> [Provided material]:
━━━━━━━━

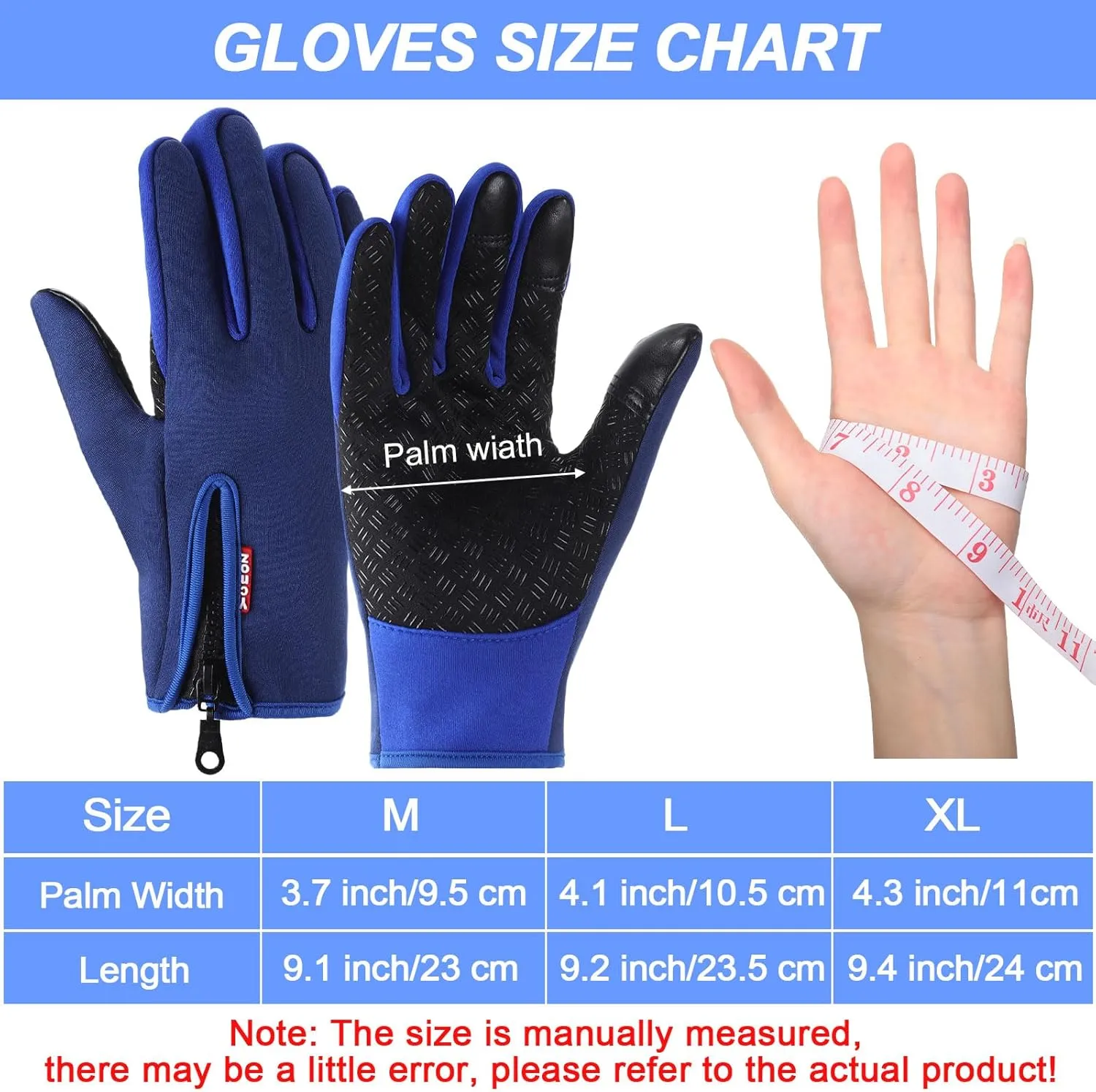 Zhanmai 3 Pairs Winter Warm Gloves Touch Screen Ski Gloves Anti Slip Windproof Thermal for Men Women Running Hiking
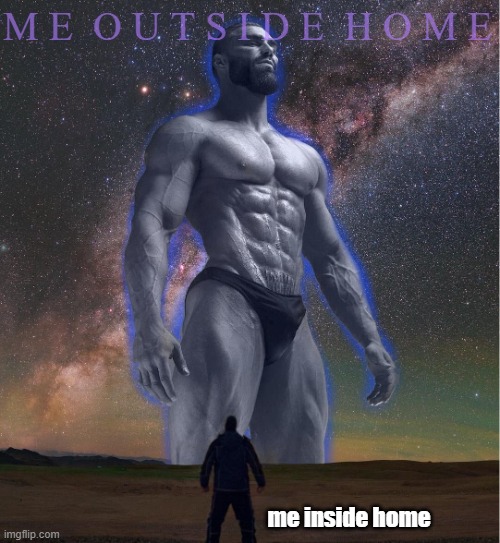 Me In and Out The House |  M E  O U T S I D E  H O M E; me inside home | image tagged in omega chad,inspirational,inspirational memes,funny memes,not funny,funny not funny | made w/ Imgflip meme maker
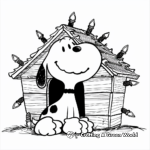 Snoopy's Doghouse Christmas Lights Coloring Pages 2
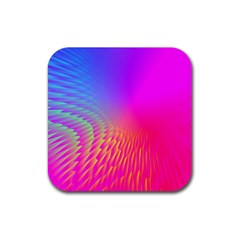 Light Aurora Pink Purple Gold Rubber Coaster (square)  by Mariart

━━━━━━━━

> [Problem statement]: The output consists of exactly the lines from the one containing "Me In and Out" through the last line of the listing, both included, with no pictures.

> [Answer space]:
 Me In and Out The House |  M E  O U T S I D E  H O M E; me inside home | image tagged in omega chad,inspirational,inspirational memes,funny memes,not funny,funny not funny | made w/ Imgflip meme maker
 Snoopy's Doghouse Christmas Lights Coloring Pages 2
 Light Aurora Pink Purple Gold Rubber Coaster (square)  by Mariart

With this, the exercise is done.